> _Try it_: Output a character-exact copy of the data, images removed.

> _Given information_:
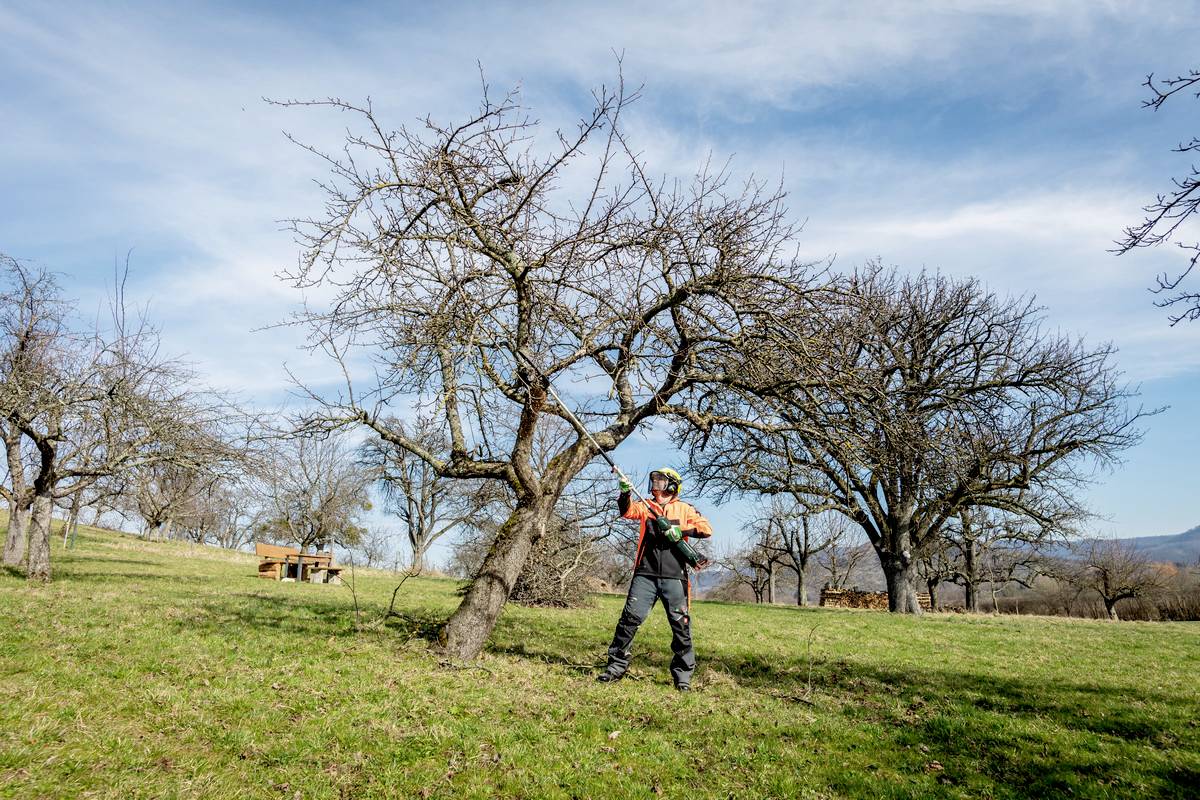 Person in Schutzkleidung schneidet Baumäste mit einer Motorsäge auf einer Wiese. Im Hintergrund sind weitere Bäume und blauer Himmel.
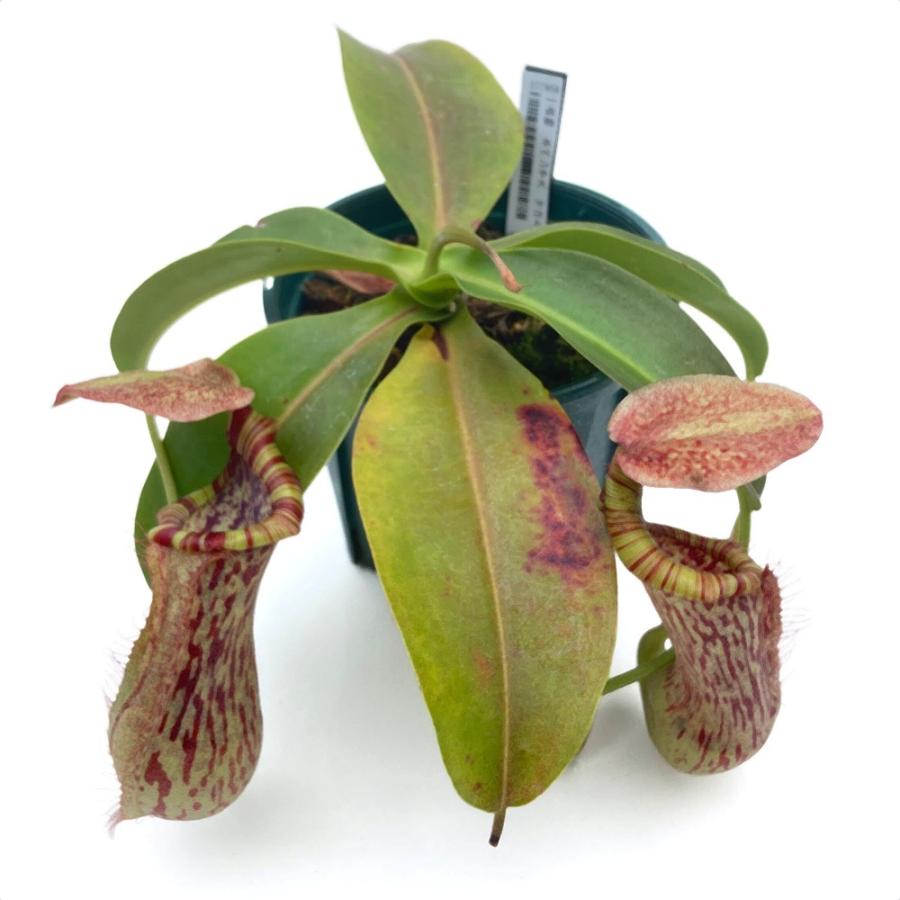 食虫植物）一点物 ウツボカズラ ネペンテス マコト 4号（1鉢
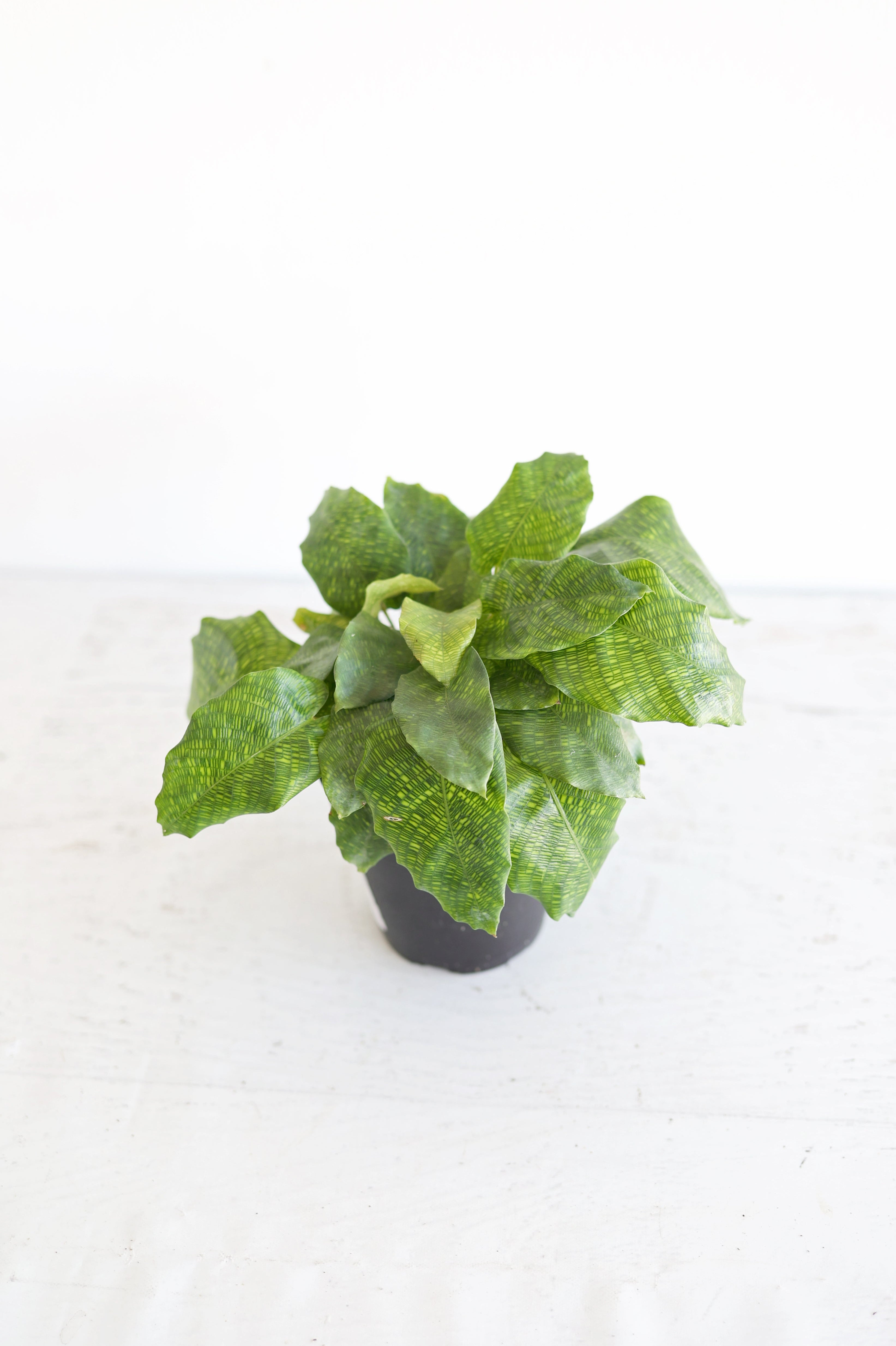 Musaica Calathea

> _Reply to the exercise_:
 Person in Schutzkleidung schneidet Baumäste mit einer Motorsäge auf einer Wiese. Im Hintergrund sind weitere Bäume und blauer Himmel.
 食虫植物）一点物 ウツボカズラ ネペンテス マコト 4号（1鉢
 Musaica Calathea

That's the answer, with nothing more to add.